This is a good point.
At the same time, I'd love to see refactoring done *after* entering
apache because that would allow the community to steer the project
before it's carved in stone (as it happened for xindice and it's now
much harder to refactor)
> * reviewing the archived commit messages, I wonder whether the proposed
> list of initial committers reflects reality, or that the list has been
> expanded so that we won't have the suspicion it is mainly one
> company/group working on the codebase (as is the case with
> xreporter.cocoondev.org right now).
Wow, that's very close to be insulting, Steven. Careful.
Anyway, I agree that the wyona community is not very diverse, yet, if
Wyona had a successful and diverse community, we wouldn't pass thru
incubation.
But I wouldn't say "expanded" since all the people listed *did* in fact,
work on the codebase and are interested in keep an eye on it (which is
as good as you can get these days), the incubation stage will decide
what happen.
> * Xopus has recently had some troubles w.r.t. its licensing policy
> (open, not open, etc...) Are these things effectively solved right now?
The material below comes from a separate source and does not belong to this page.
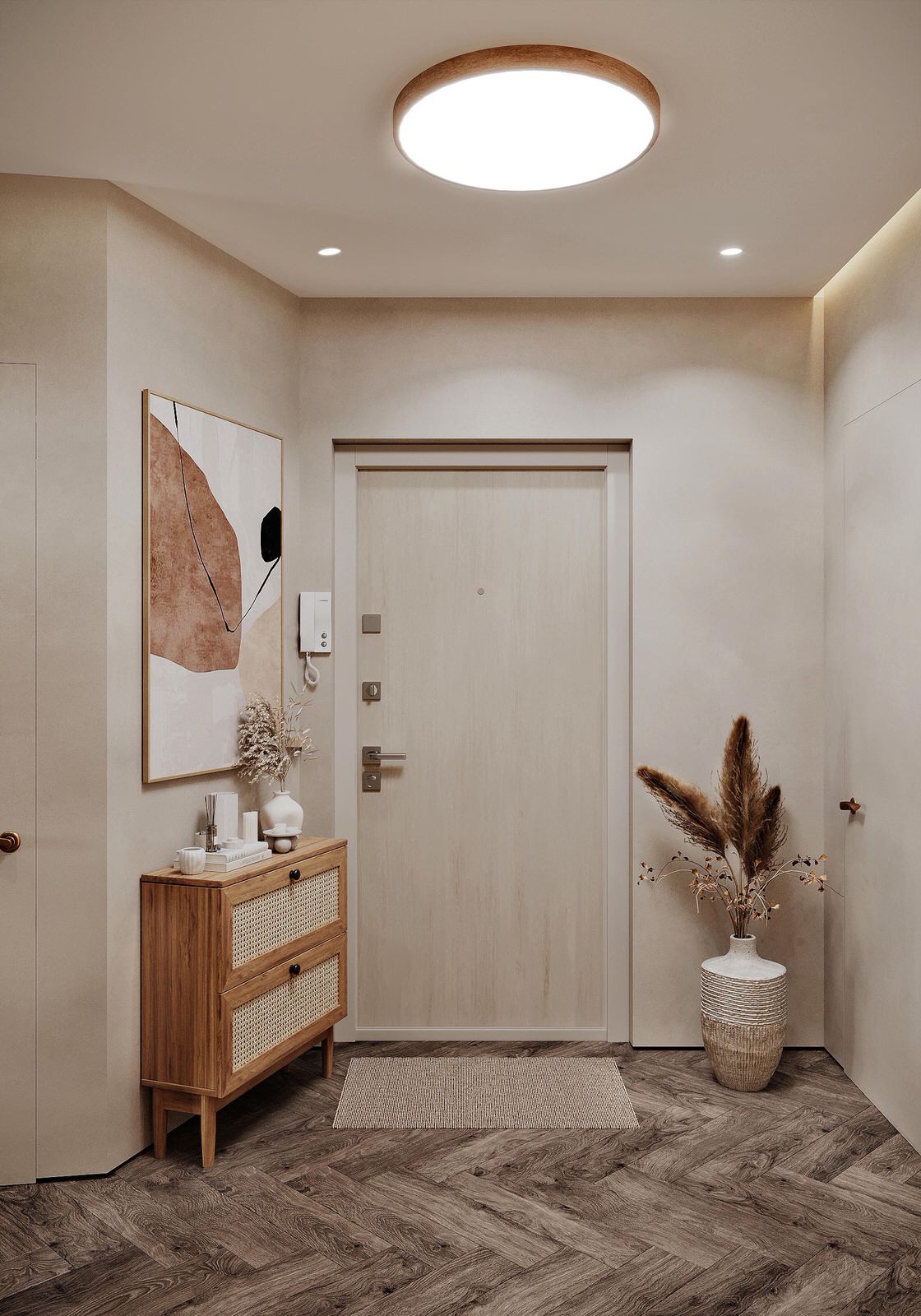 Дизайн интерьера квартиры в стиле джапанди с элементами бохо в ЖК "Квартал Che"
q42 has troubles understanding the oss business model. we are helping
them privately. so far with very positive responses and some friction
points we are trying to solve.
> What part of Xopus will be inside Lenya CVS?
None. If we reach an agreement with q42, Xopus will be submitted as
another incubation proposal, apache licensed and they will be part of
the community.
In any case, lenya will keep the editing layer totally separated, yet
design the proper hooks for them.
> As I said, these are 'just remarks'. The fact I'm posting them means I
> actually care about this proposal, in a positive sense.
Hopefully my comments give you more insights.
--
Stefano Mazzocchi <st...@apache.org>
Pluralitas non est ponenda sine necessitate [William of Ockham]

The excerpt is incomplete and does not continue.